Directions for this task » Your copy of the entries below should hold exactly the lines from the one containing "Alvarenga Murillo, Julio Cesar" to the one containing "Merci Chien Chien", inclusive, and no pictures.

Records for the exercise »
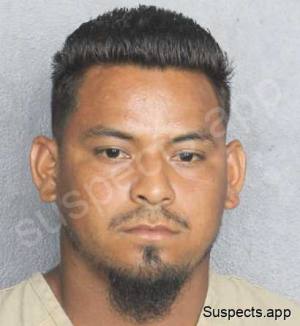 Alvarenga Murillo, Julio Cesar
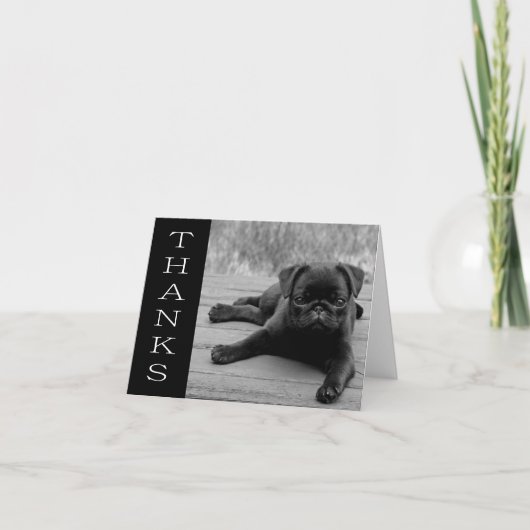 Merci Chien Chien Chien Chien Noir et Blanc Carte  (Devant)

==

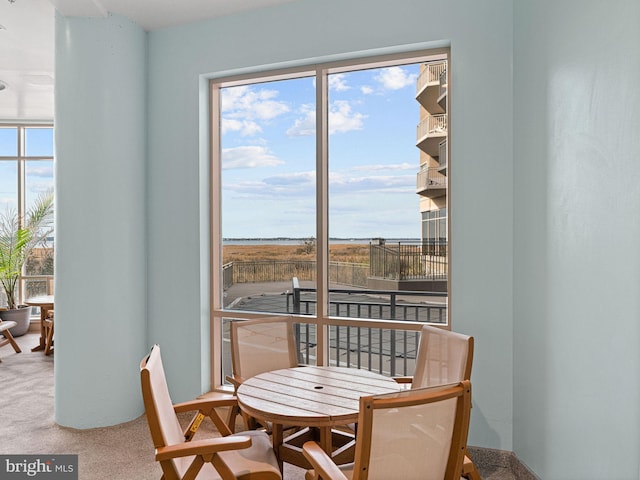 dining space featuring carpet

Answer to the exercise »
 Alvarenga Murillo, Julio Cesar
 Merci Chien Chien Chien Chien Noir et Blanc Carte  (Devant)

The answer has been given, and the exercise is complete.